-- The data follows --
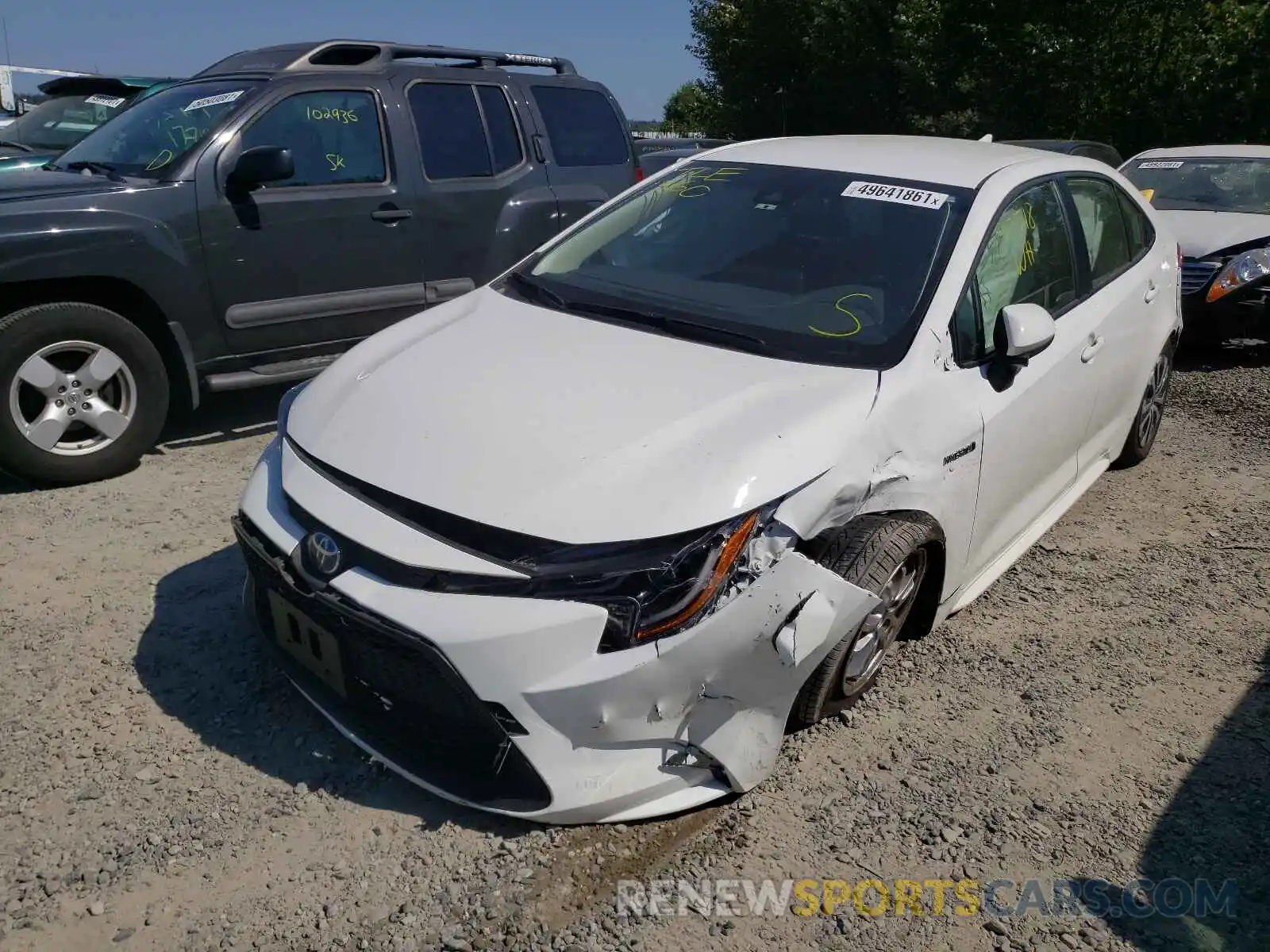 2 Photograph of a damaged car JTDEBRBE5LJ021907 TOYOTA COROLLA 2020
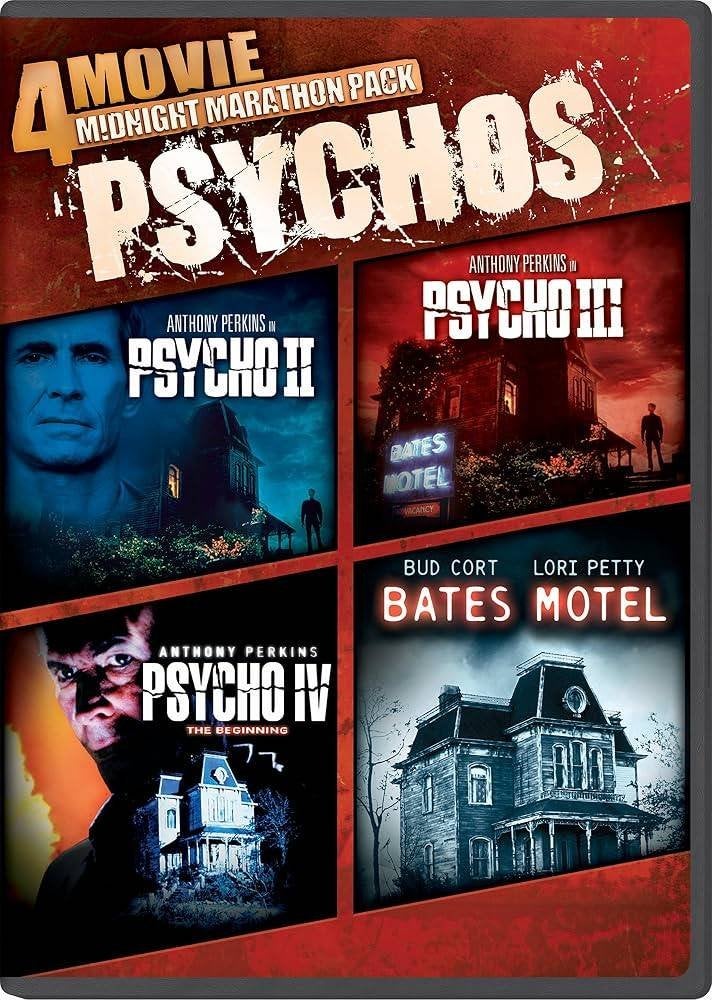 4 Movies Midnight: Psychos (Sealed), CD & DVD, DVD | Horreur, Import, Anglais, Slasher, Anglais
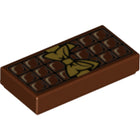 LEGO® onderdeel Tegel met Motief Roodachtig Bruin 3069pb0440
-- The data concluded --
_Aim of the exercise_.
From the first line to the last, write out the data exactly, omitting any pictures.

_Solution to this task_.
 2 Photograph of a damaged car JTDEBRBE5LJ021907 TOYOTA COROLLA 2020
 4 Movies Midnight: Psychos (Sealed), CD & DVD, DVD | Horreur, Import, Anglais, Slasher, Anglais
 LEGO® onderdeel Tegel met Motief Roodachtig Bruin 3069pb0440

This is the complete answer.